Crisis of Identity…
I’ve never been one to be totally truthful. I veil the majority of what I do in a little bit of secrecy. Smoke and mirrors, man behind the curtain – all that crap.
Very few people know who I really am (I can count them all on one hand) and I prefer it that way. I’m guarded and I feel out-of-place in crowds. Heck, I feel out of place in small groups of my friends.
So, over the years, I’ve built this online persona to keep myself comfortable in the business, art and professional world. I suspect a lot of you have. Mine is “Independent Studios.” I portray a corporate place. A studio where people work. I’ve done a lot of work (most of it for very little money,) and I’ve done it under a thin anonymity. And honestly, it’s attracted a clientele and work load that I’m not precisely comfortable with.
I’ve done a good job of keeping my client base small, working with a bunch of really nice people and decent organizations – but I’ve done it at the cost of doing what I really love to do – which is draw and dream and be weird and be funny and kind of out there.
If any of my clients read this – I’m NOT TALKING ABOUT YOU. I LOVE YOU.
I like what I do, but at my advanced age (38) I’ve come to the realization that I’m ready to move more towards doing what I love. I’ll keep doing the graphics thing in the corporate world – but I’ll be doing it to support my other habits. Rapidographs, paper, gouache, pencils, paintbrushes.
When you put out a corporate face, or you put out a portfolio of things that you’re not really all that fond of doing, that’s precisely what you’re going to get for future work.
Don’t get me wrong – designing another logo is not the worst thing in the world. Designing another brochure isn’t going to kill me. There are certainly a LOT worse things to do with 9 hours of my waking day – but there are also better things to do.
So: Show what you love and what you want to do. If you want to do logos, show logos. If you want to doodle and make art out of lists you find in shopping carts (yes, that’s one of my current projects,) SHOW IT. Don’t just show what you know will make money.
If you’re in the freelance game to make money, you’re in for a long haul. If you do what you love, show what you love, you’ll attract what you love. You can pay the bills, you can find clients, but you’ll also start building towards your ultimate goal of doing strictly what it is you decide is your “art.” And that makes all the difference in the world.
When you’re broke and worried about the power bill, at least you’ll have the satisfaction of knowing that you did it on your terms, doing what you want to do.
So – what do you want to attract? What sort of work do you want to do? What are you passionate about?
Start showing that off.
All this also brings up few interesting questions:
- How honest do you want to be? Are you secure enough in yourself to clue people into the fact that you are just you and this is what you do?
- How available personally do you want to be? I don’t mean how often are you on i.m. – I mean how much of YOU are you willing to let out there?
- What do you want to do with your time?
- What do you want to do with your art?
- Are you ready to suffer the slings and arrows that might be tossed at you because folks don’t understand or dig what it is that you do?

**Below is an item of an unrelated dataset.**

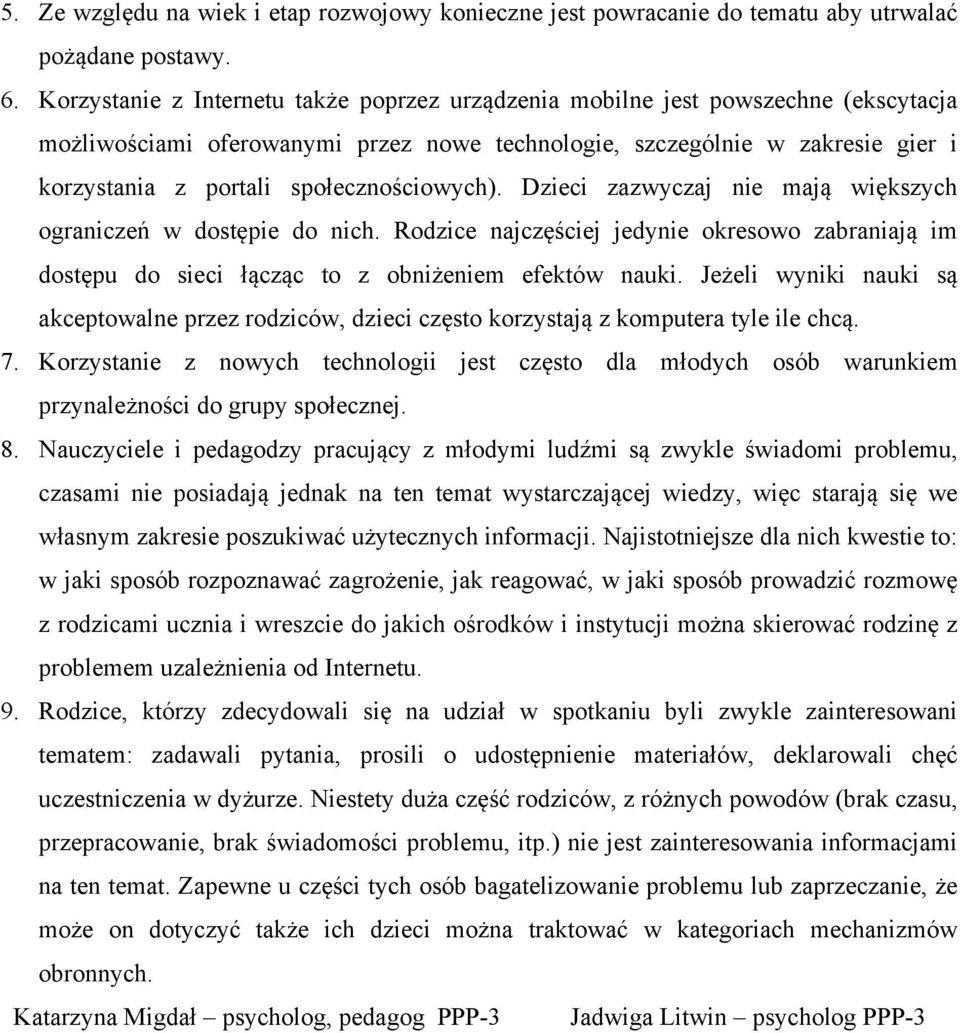 społecznościowych). Dzieci zazwyczaj nie mają większych ograniczeń w dostępie do nich. Rodzice najczęściej jedynie okresowo zabraniają im dostępu do sieci łącząc to z obniżeniem efektów nauki.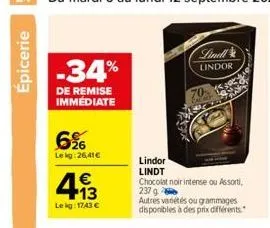 épicerie  -34%  de remise immediate  6%  lekg:26,41€  4.13  €  le kg: 1743 €  lindor lindt  chocolat noir intense ou assorti 237 g  autres variétés ou grammages disponibles à des prix différents.  lin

- Are you confident that you’re good enough? (Personally, I don’t think this is an issue. You’re good enough to be you and you’re good enough to do what YOU do – not necessarily what I do, what the dude with the killer website does, what the artist next door does – but what YOU do.)

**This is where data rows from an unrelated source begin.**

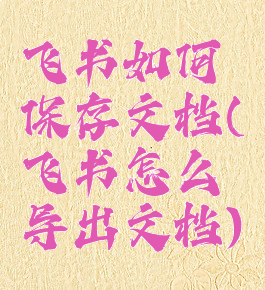 飞书如何保存文档(飞书怎么导出文档)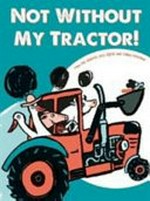 Not without my tractor! / written by Finn-Ole Heinrich and Dita Zipfel ; illustrated by Halina Kirschner ; translation, Siobhán Parkinson.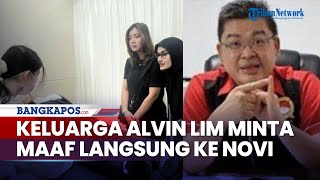 Alvin Lim Meninggal Dunia, Keluarga Minta Maaf Langsung ke Novi dan Jelaskan Kondisi sang Pengacara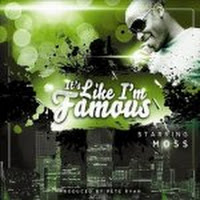 It's Like I'm Famous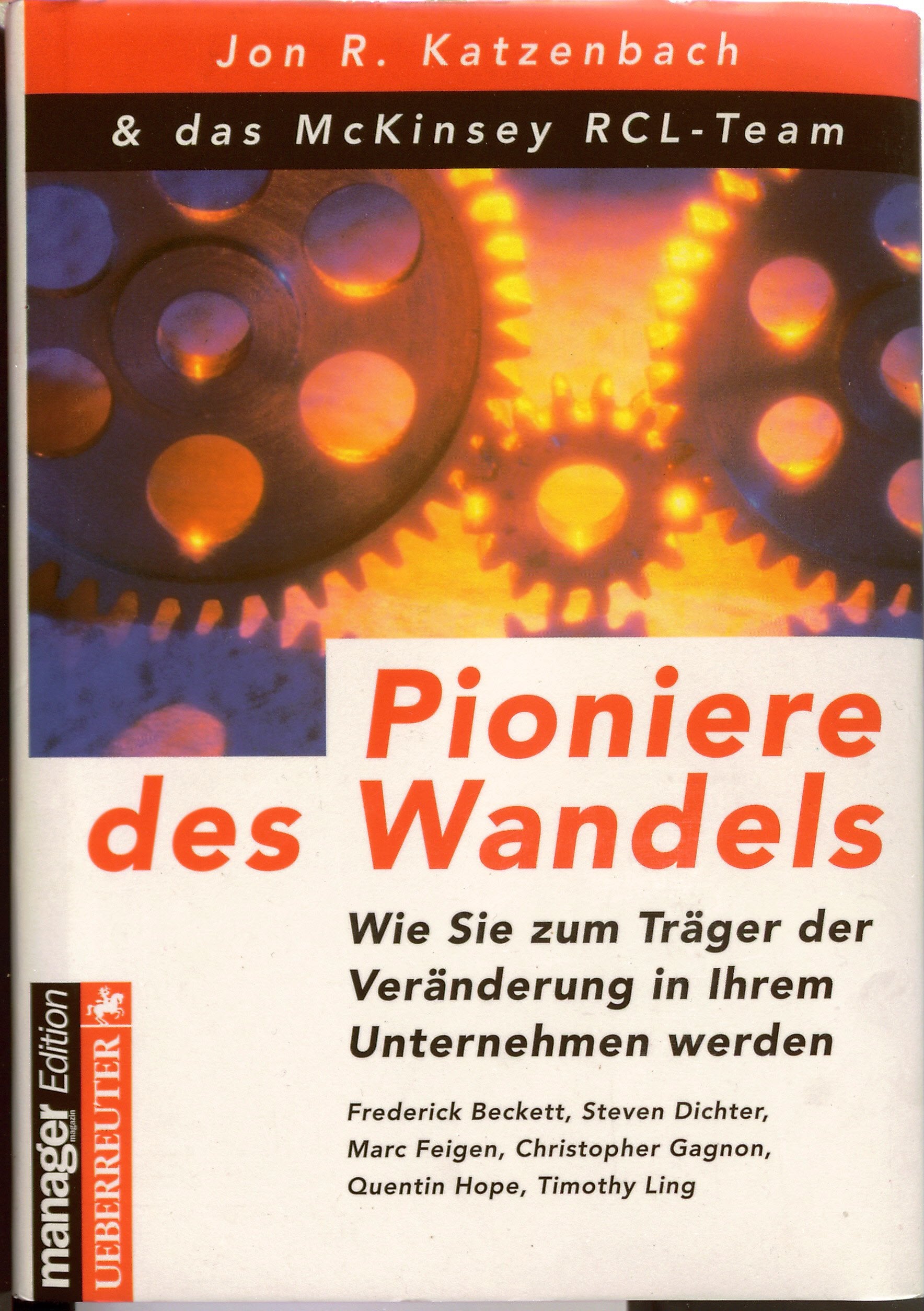 Pioniere des Wandels: Wie Sie zum Träger der Veränderung in Ihrem Unternehmen werden Politics & Society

- What do YOU want to do? What excites you? Don’t you think that if you pursue those, you’ll be happier and that excitement will rub off on your work and eventually on your pocketbook?
- Do you want to wear a suit and tie to meetings?
- Do you want to be yourself and less of a business?
I’m certainly not saying that you don’t need to be professional. I’m not saying that there’s not value, both artistically and personally, in doing less-than-esoteric work. What I’m saying is doing what you do will always bring greater satisfaction than doing what people expect, what is safe or what is a known quantity.
To that end, I’ve decided that I’m going to be more myself. I’m going to pursue more of what I want. Independent Studios and AllAboutFreelance will continue, but they’ll be changed markedly. I want to do more of the things I feel I’ve been placed on Earth to do. Some days, it will be logos, other days it will be endlessly weird stuff with bits of paper and string and glue and Xacto knives.
So – it’s been real. Nice to have known you all.